**TASK GOAL:** Using the entries below, copy exactly each line from the line with "The Boardroom Insider" up to and including the line with "1995 Kniha: Kouzelné", with every picture left out.
INFORMATION GIVEN START
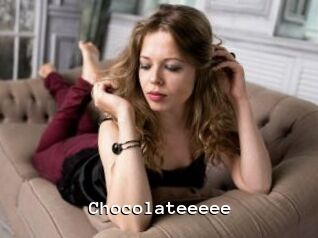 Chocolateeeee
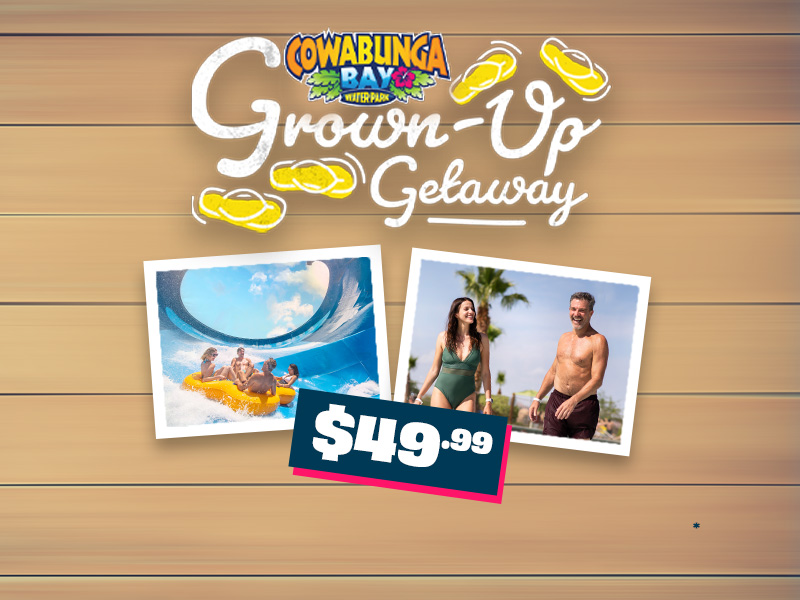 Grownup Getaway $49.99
INFORMATION GIVEN END
INFORMATION GIVEN START
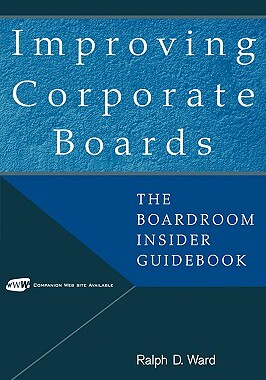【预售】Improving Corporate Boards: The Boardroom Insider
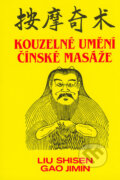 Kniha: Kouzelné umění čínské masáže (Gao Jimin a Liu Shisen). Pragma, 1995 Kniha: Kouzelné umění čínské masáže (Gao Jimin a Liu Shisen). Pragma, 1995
INFORMATION GIVEN END
INFORMATION GIVEN START
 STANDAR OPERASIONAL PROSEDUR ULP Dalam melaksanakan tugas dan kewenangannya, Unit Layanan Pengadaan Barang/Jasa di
INFORMATION GIVEN END
**SOLUTION FOR THIS PROBLEM:**
【预售】Improving Corporate Boards: The Boardroom Insider
 Kniha: Kouzelné umění čínské masáže (Gao Jimin a Liu Shisen). Pragma, 1995 Kniha: Kouzelné umění čínské masáže (Gao Jimin a Liu Shisen). Pragma, 1995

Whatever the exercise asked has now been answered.